The problem —
When you copy the listing, reproduce each line as it appears and omit every image.

Material provided —
• • • • • • •
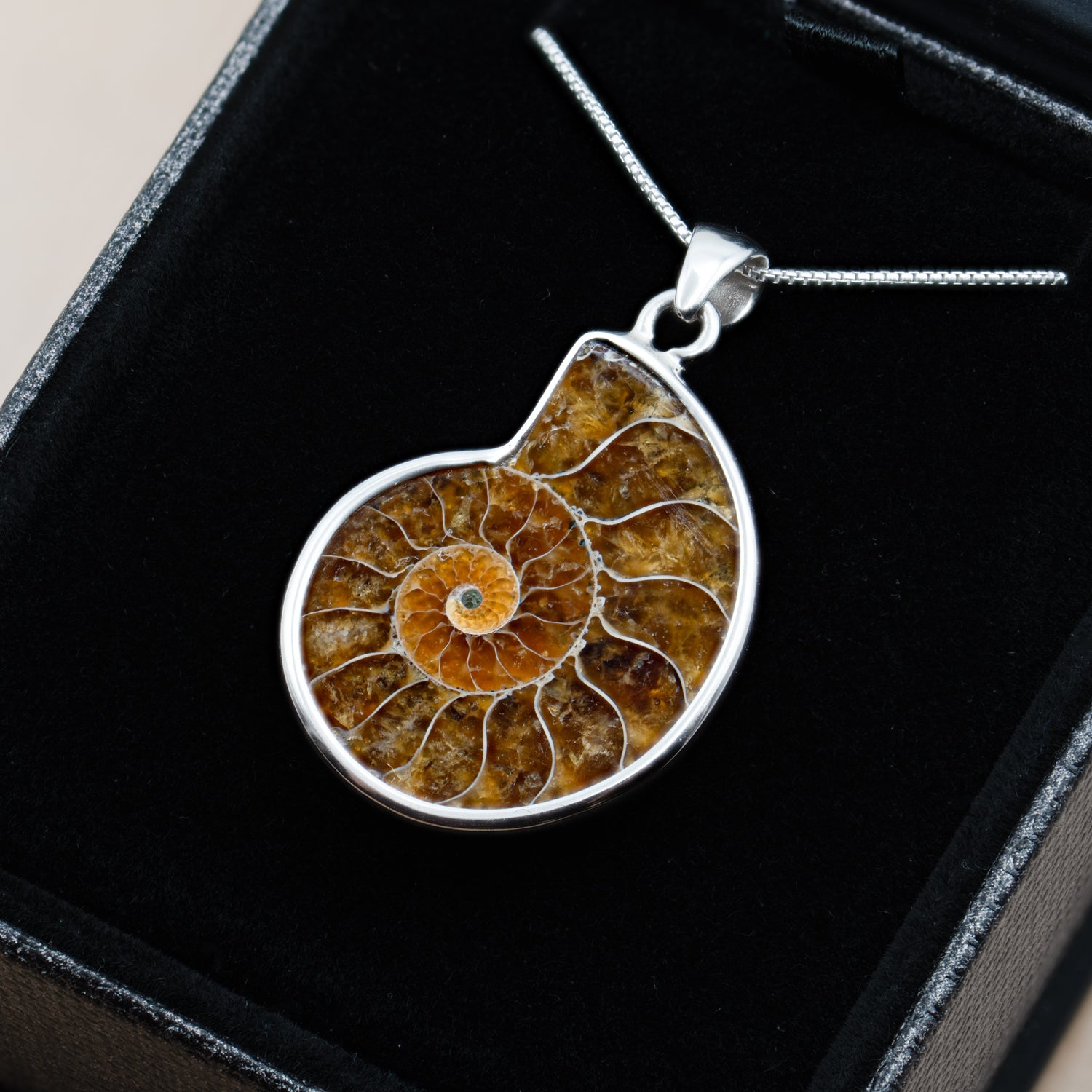 Fossil Ammonite Heart deals Necklace Sterling Silver 261202 Best Price No Offers Tks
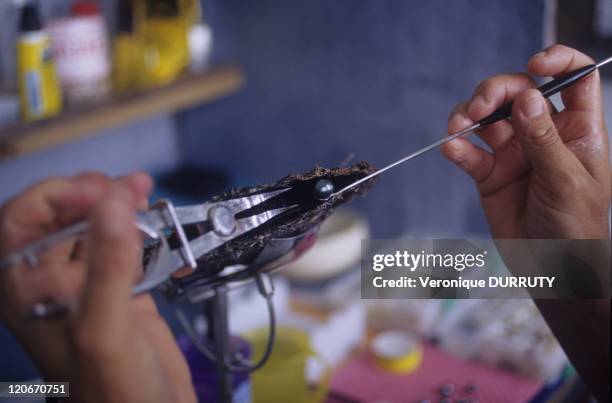 Worker extracting a black pearl from an oyster in a farm in Tuamotus archipelago, French Polynesia - After 18 months, the oysters are "harvested" to...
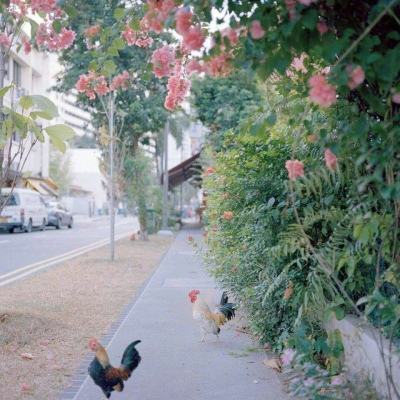 im电竞官网下载手机版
• • • • • • •
The answer —
 Fossil Ammonite Heart deals Necklace Sterling Silver 261202 Best Price No Offers Tks
 Worker extracting a black pearl from an oyster in a farm in Tuamotus archipelago, French Polynesia - After 18 months, the oysters are "harvested" to...
 im电竞官网下载手机版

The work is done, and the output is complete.